|
Hi Team,
I have noticed that a lot af sql queries use the cartesian product to join tables. For example, consider the 2 following tables: customer(id_customer[PK], name, birthdate...) and addresses(id_address[PK], id_customer[FK], street, postal_code, ..) and you want to obtain all the customer data living at a given postal code. When using the cartesian product, you will do:
SELECT c.id_customer, c.name, c.birthdate FROM customer c, addresses a WHERE a.id_customer = c.id_customer AND a.postal_code = "66280"
the system will combine the number of rows in customer table with the number of rows of addresses table and apply the filter after.
When using JOIN clauses, you will do:
SELECT c.id_customer, c.name, c.birthdate FROM customer c INNER JOIN addresses a ON a.id_customer = c.id_customer WHERE a.postal_code = "66280"
and the filter will be applied on the joined tables which correspond to the good rows.

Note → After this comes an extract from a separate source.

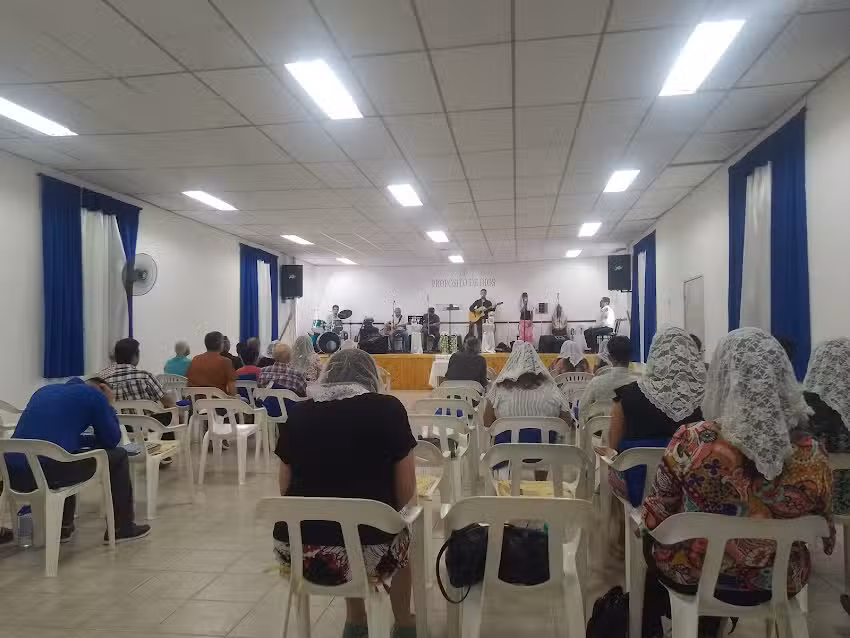Iglesia evangélica pentecostal El propósito de Dios central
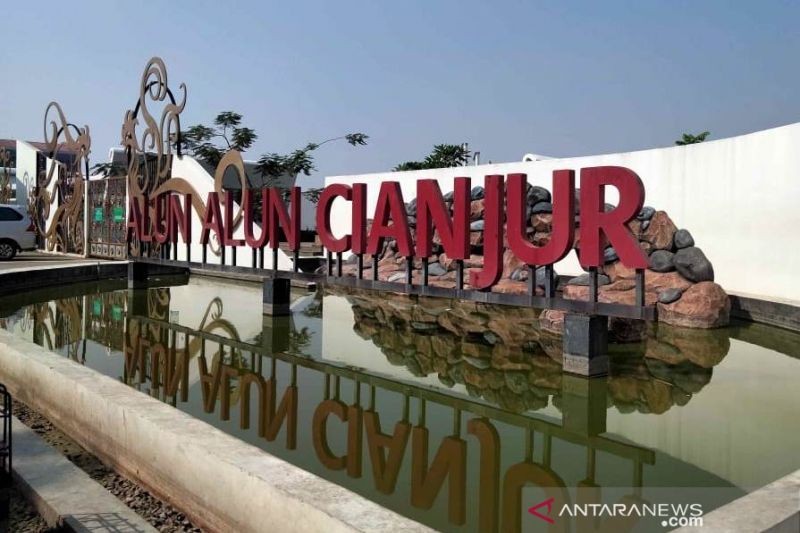 Taman Alun-alun Cianjur, Jawa Barat, merupakan tempat wisata andalan Kabupaten Cianjur, yang diresmikan Presiden Jokowidodo, beberapa waktu lalu. ANTARA/ Ahmad Fikri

So, I don't know if it was clear, but on big row number tables, you will certainly have performance problems by using cartesian product. At the same time, cartesian product is less precise than join (you can use left join or right join); for example if you have no adress for a customer, you will lose information about this customer by using cartesian product. Instead, by using the left join clause, you won't have this problem.
So, it's important, I think, to fix this for future as huge tables will penalise the global performance of the website. It will be useful too for the results of the queries.
Best Regards
Helgvor STOLL
|